Start of Provided records

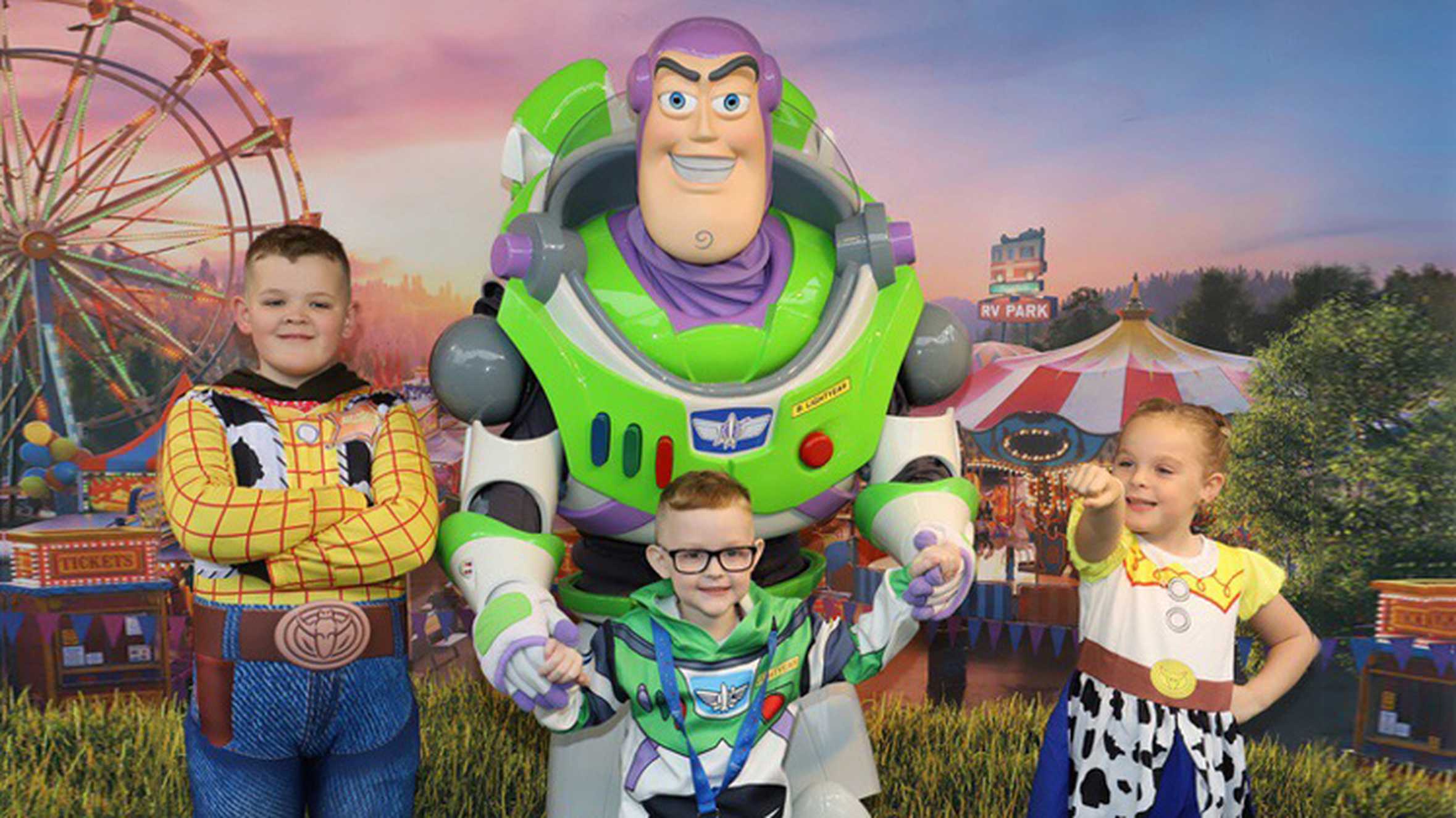 Patrick and his family posing with Buzz Lightyear from Toy Story.
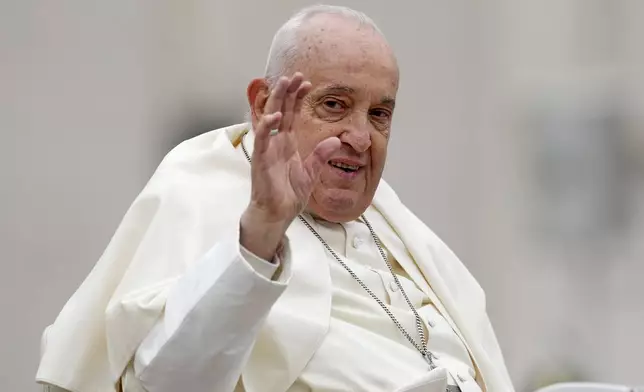 file - Pope Francis smiles after celebrating Easter mass in St. Peter's Square at the Vatican, Sunday, March 31, 2024. (AP Photo/Andrew Medichini, file)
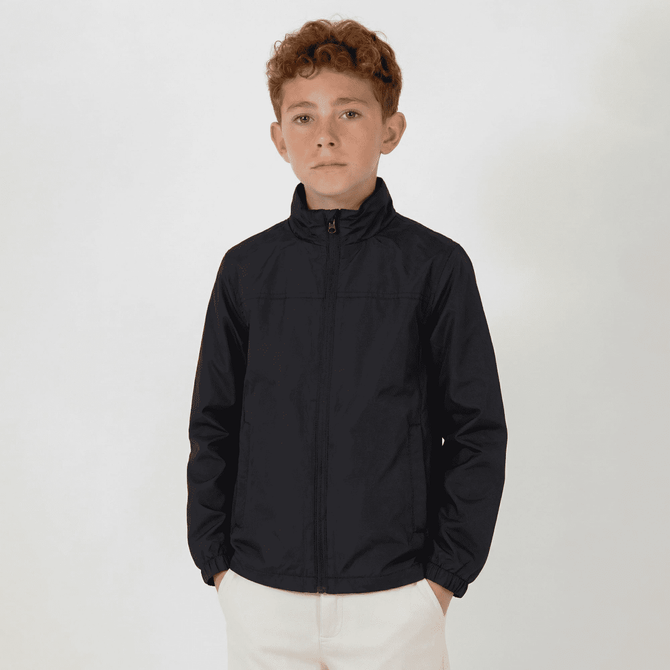 A youth jacket in navy blue with a zip front, featuring long sleeves and a high collar. It has a logo on one side.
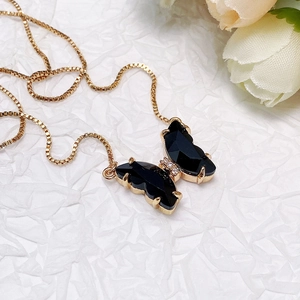 Detail of golden box chain with black butterfly pendant and micro-set zirconia crystals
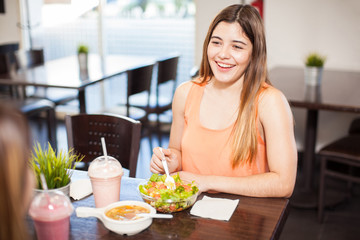 Obraz na płótnie Canvas Two girls eating at a restaurant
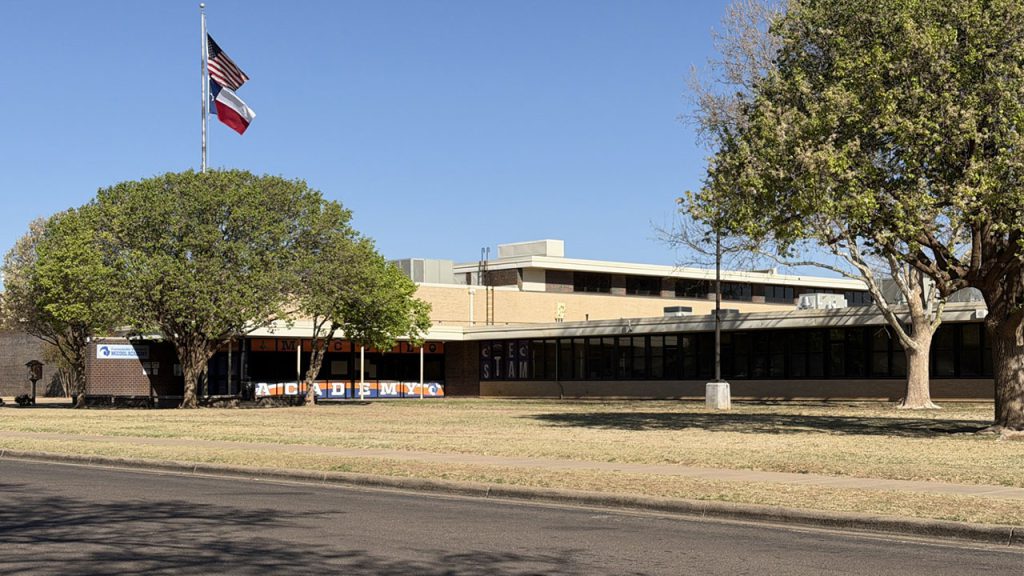 The exterior of McCool Academy in Lubbock, looking deceptively peaceful for a place where the commute involves dodging bumpers.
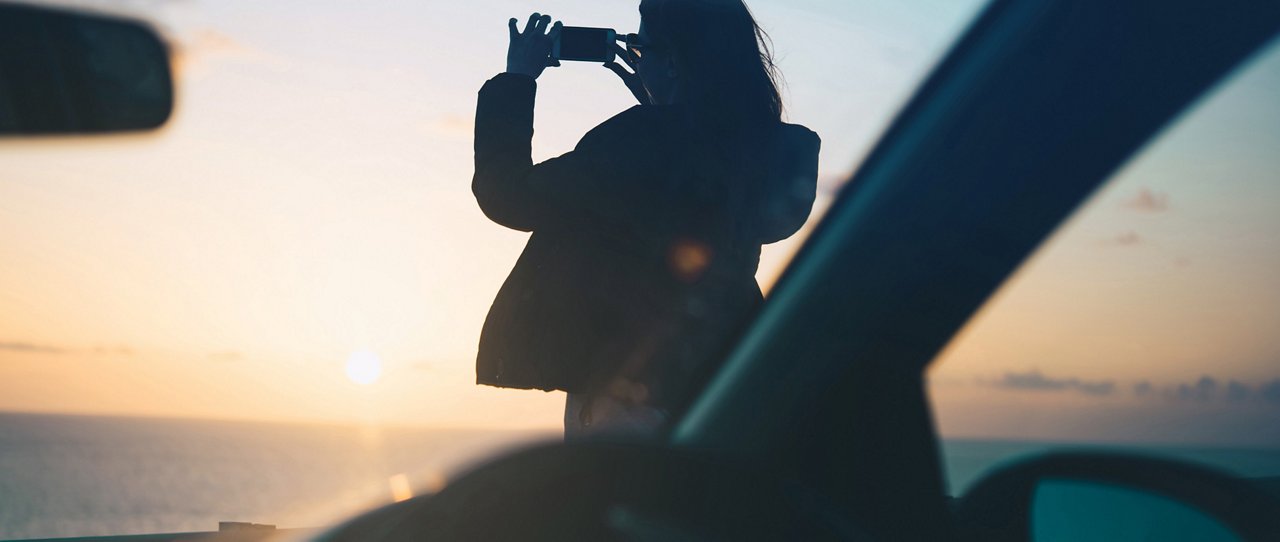 Frau am Meer mit Fahrzeug, fotografiert mit Handy
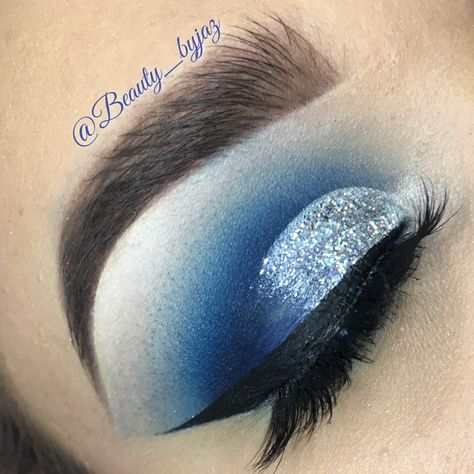 Bright blue and silver  cut crease silver glitter follow ig: beauty_byjaz Blue And Silver Makeup, Blue Cut Crease, Best Black Eyeliner, Maquillage Yeux Cut Crease, Eye Makeup Cut Crease, Blue Eyeshadow Looks, Cut Crease Eye, Silver Makeup, Baked Eyeshadow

End of Provided records

Word for word, repeat only the lines from the line containing "Detail of golden" through the end of the data, without any pictures.

 Detail of golden box chain with black butterfly pendant and micro-set zirconia crystals
 Obraz na płótnie Canvas Two girls eating at a restaurant
 The exterior of McCool Academy in Lubbock, looking deceptively peaceful for a place where the commute involves dodging bumpers.
 Frau am Meer mit Fahrzeug, fotografiert mit Handy
 Bright blue and silver  cut crease silver glitter follow ig: beauty_byjaz Blue And Silver Makeup, Blue Cut Crease, Best Black Eyeliner, Maquillage Yeux Cut Crease, Eye Makeup Cut Crease, Blue Eyeshadow Looks, Cut Crease Eye, Silver Makeup, Baked Eyeshadow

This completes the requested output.